Giuseppe Arcimboldo

Giuseppe Arcimboldo, like Hieronymus Bosch, was an artist several centuries ahead of his time. He was born into a distinguished Milanese family of archbishops, jurists and artists in 1527, when the Italian Renaissance was in full flower. 

In the Service of Emperors

In 1562 Arcimboldo crossed the Alps to Vienna for a position as court portraitist and festival organiser for Habsburg Emperor Ferdinand I (r. 1558-1564), who died almost immediately after Archimboldo’s arrival. Fortunately, emperor Maximilian II (r. 1564-1576) and his young son Rudolf II (r. 1576-1612), decided to honor Arcimboldo’s contract.
Rudolf II became quite fond of Arcimboldo, who crafted grand costume pageants in the boy’s honor, such as a spectacle in which the six-year-old Rudolf played the part of a knighted dwarf in full plate armor among adults dressed as giants and monsters.

A Bohemian Parnassus

Rudolf II was known by his contemporaries as the greatest art patron in the world and Prague became, under Rudolf’s guidance, one of the leading centers for the arts and sciences on the European continent.
The Rudolfine taste for outstanding decoration and fantastic imagery were legendary, and his ambition and insight as a patron and collector changed the way art would be viewed by future generations. He brought into his service some of the most important European artists, architects and scientists. 

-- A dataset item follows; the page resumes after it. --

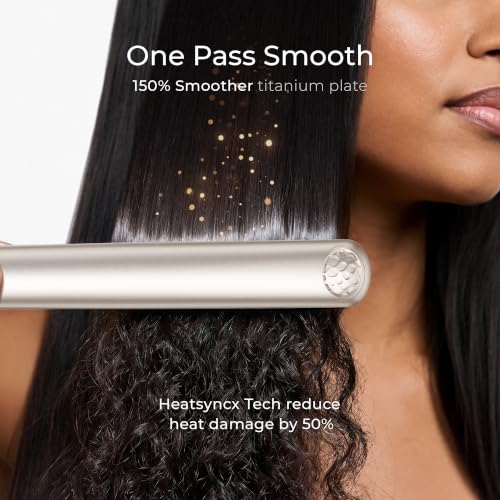 TYMO Flat Iron Hair Straightener and Curler 2 in 1 with 10s Fast Heating, 1 Inch Professional Titanium Straightening Curling Iron with 32 Adjustable Temp and Automatic Shut Off, Champagne - Image 2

Rudolfine Prague was a scene of communication, collaboration and commentary between artists, scholars and scientists. This interdisciplinary cross-pollination had a strong influence on Arcimboldo’s painting, helping him to combine classical allusion and allegory with contemporary painting techniques. 

In 1587 Arcimboldo left the court in Prague to return to his family home in Milan.


It was in Milan that he produced his most famous work, Vertumnus, a portrait of Rudolf II re-imagined as the Roman god of metamorphoses in nature and life. It depicts Rudolf’s face composed of fruit and flowers, symbolising the perfect balance and harmony with nature that his reign represented.

Vertumnus reached Rudolf during the winter of 1591. On May Day, 1592, Rudolf II granted his childhood friend the title of Count Palatine, which guaranteed that Archimboldo and his heirs would enjoy continued income and status for generations. Giuseppe Arcimboldo died shortly thereafter on July 11th, 1593, in his home in Milan.

After Arcimboldo

Arcimboldo’s influence on his contemporaries was surprisingly minimal. Several anonymous artists produced paintings highly derivative of this style in the decades following Archimboldo's death, but none of them made any effort to push forward his ideas and themes. That is; with the exception of a quartet of seasonal portraits painted in the 17th Century by Flemish landscape pioneer Joos de Momper, and a few satirical composite portraits used in political posters and cartoons.

The late 18th Century movement from Realism to Impressionism was hardly influenced by Arcimboldo’s work, instead creating large-scale forms out of non-representational building blocks to mimic perception rather than layering symbolism upon symbolism.

It wasn’t until the 20th Century that Arcimboldo was rediscovered by the Modernists and Surrealists. We see echoes of Arcimboldo in the works of Pablo Picasso, George Grosz, Rene Magritte and, especially, Salvador Dalí. Dalí called Arcimboldo the “father of Surrealism”.